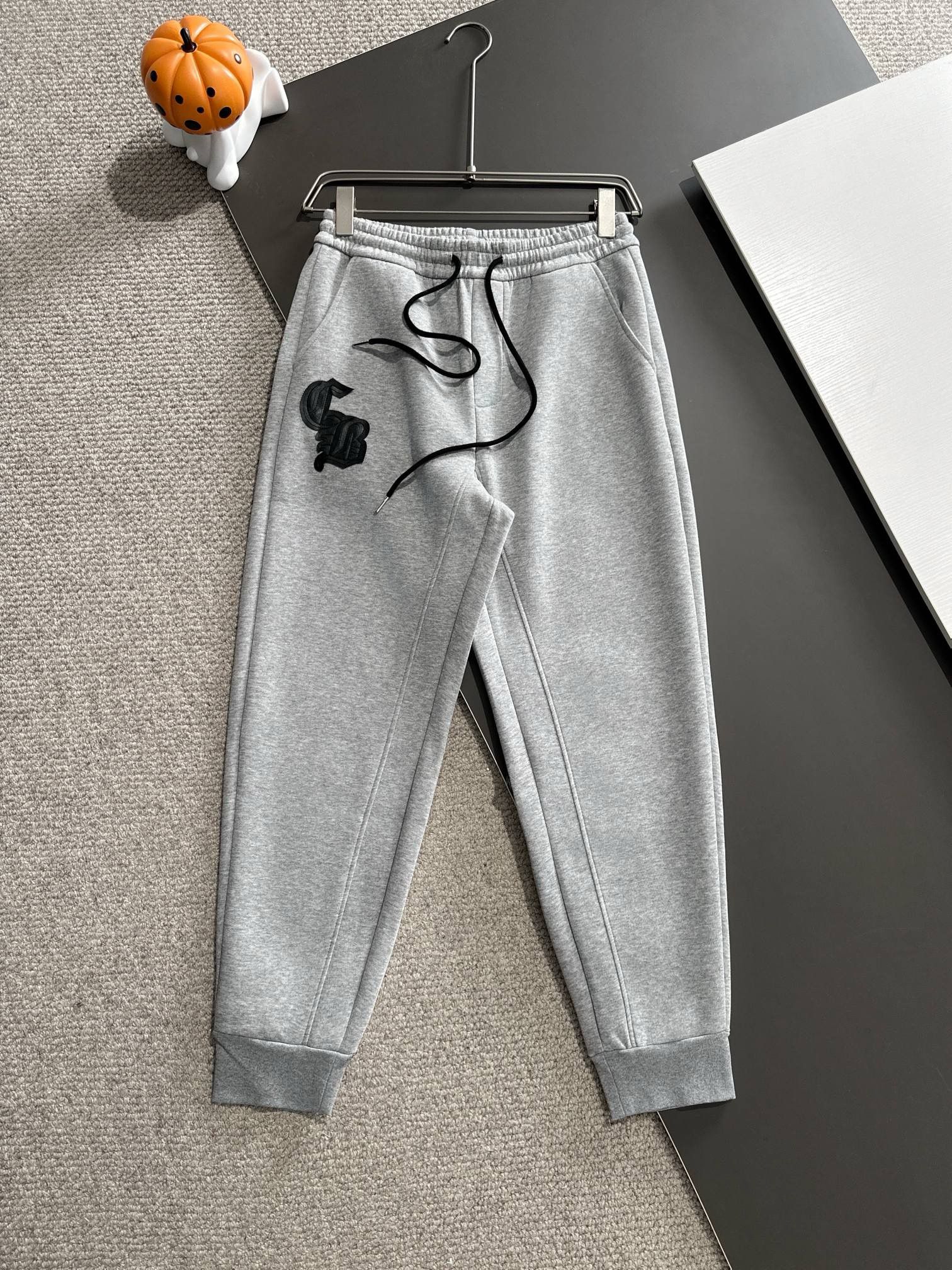 1:1 new front and back with leather patch sweat pant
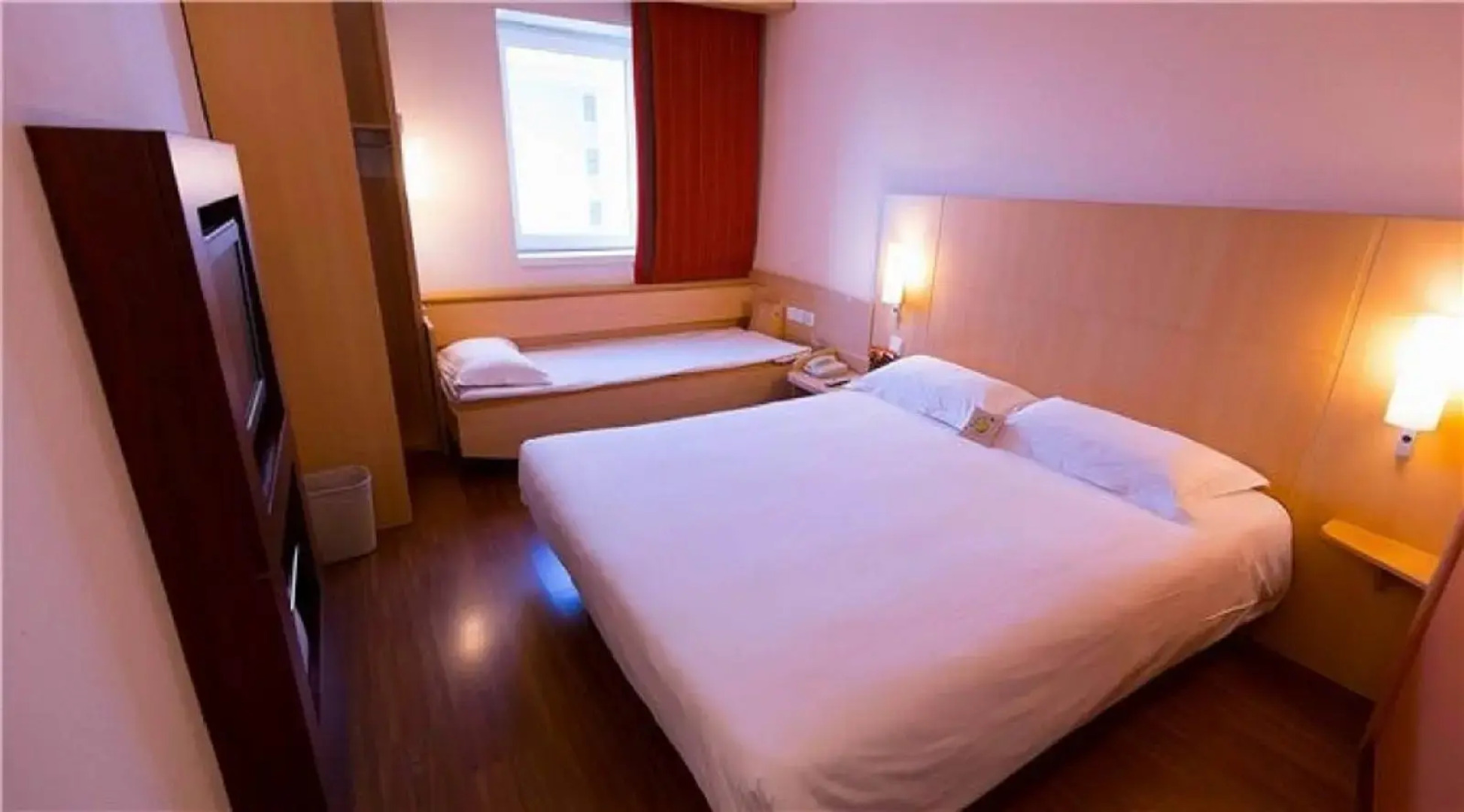 Hotel Ibis Dalian Sanba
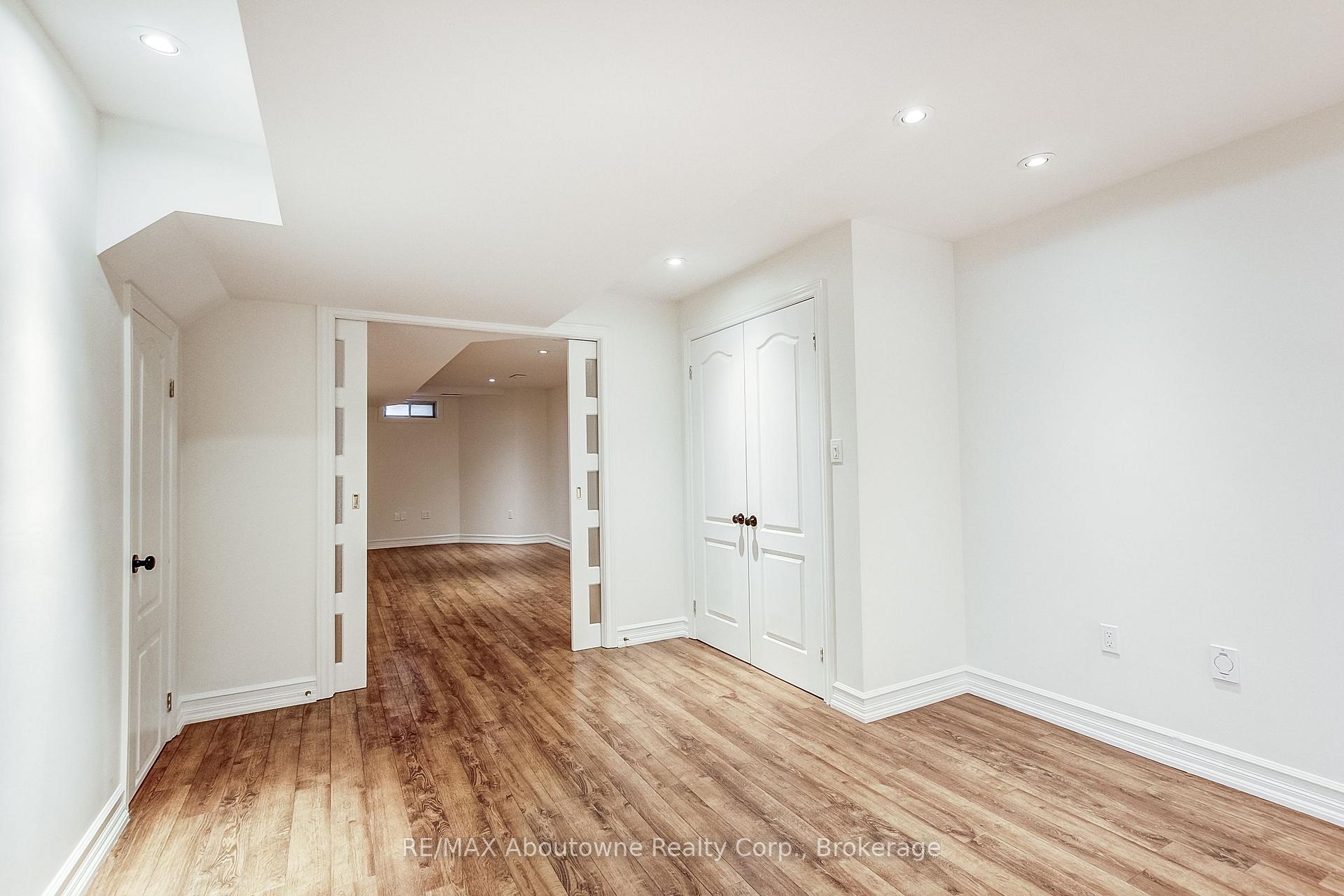 Photo 39 of 2150 Forest Gate Park, Oakville, West Oak Trails — HOMEH
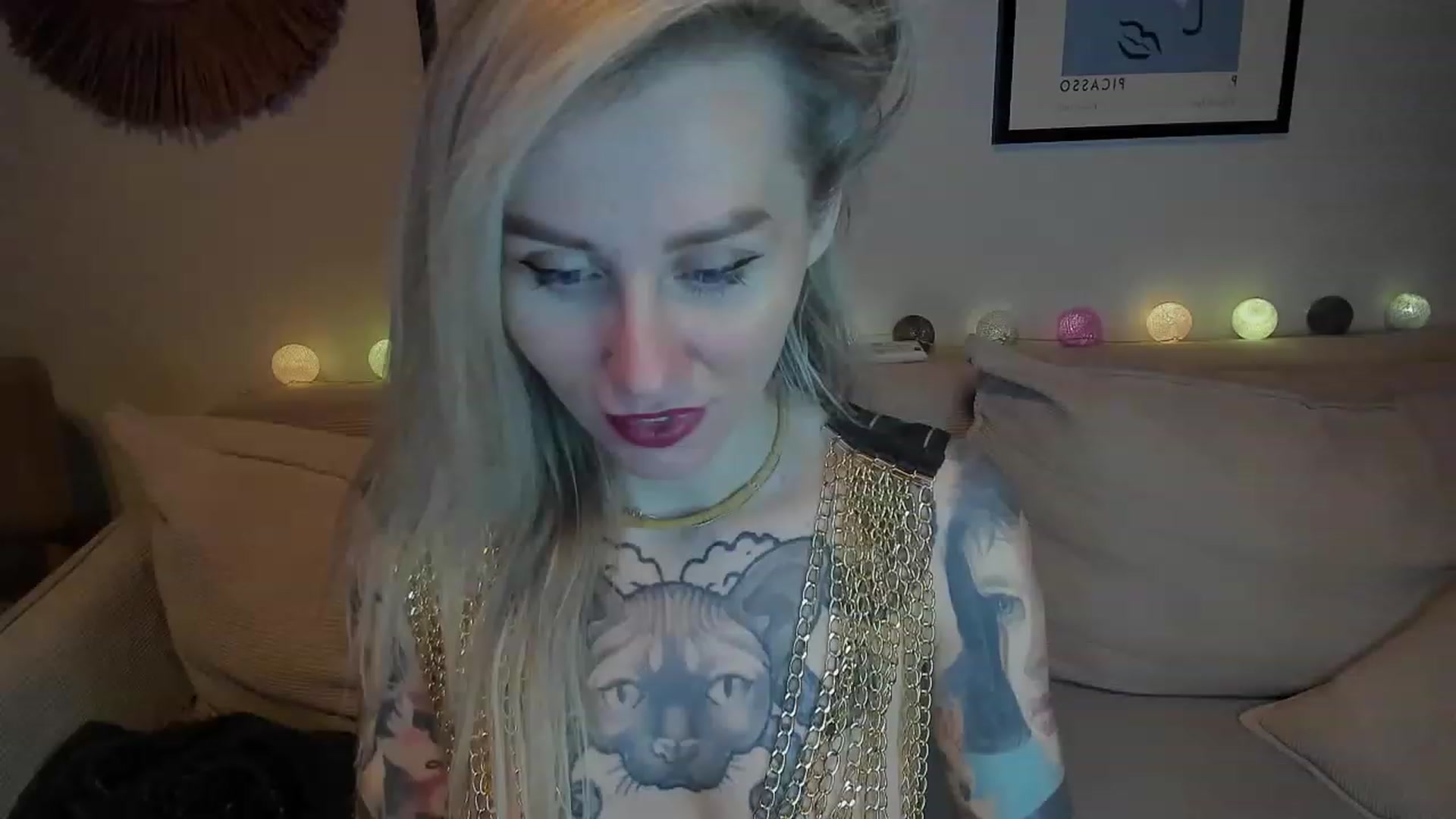 Gallery image thumbnail from Alexa_Smithhh's myfreecams stream on, 12/28/2023, 22:53 image 17 of 20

::::::::::

● PROBLEM DETAILS:
Find the line with "Photo 39 of". Return it and each line after it through the end of the data, exactly, without pictures.

● ANSWER TO THIS TASK:
 Photo 39 of 2150 Forest Gate Park, Oakville, West Oak Trails — HOMEH
 Gallery image thumbnail from Alexa_Smithhh's myfreecams stream on, 12/28/2023, 22:53 image 17 of 20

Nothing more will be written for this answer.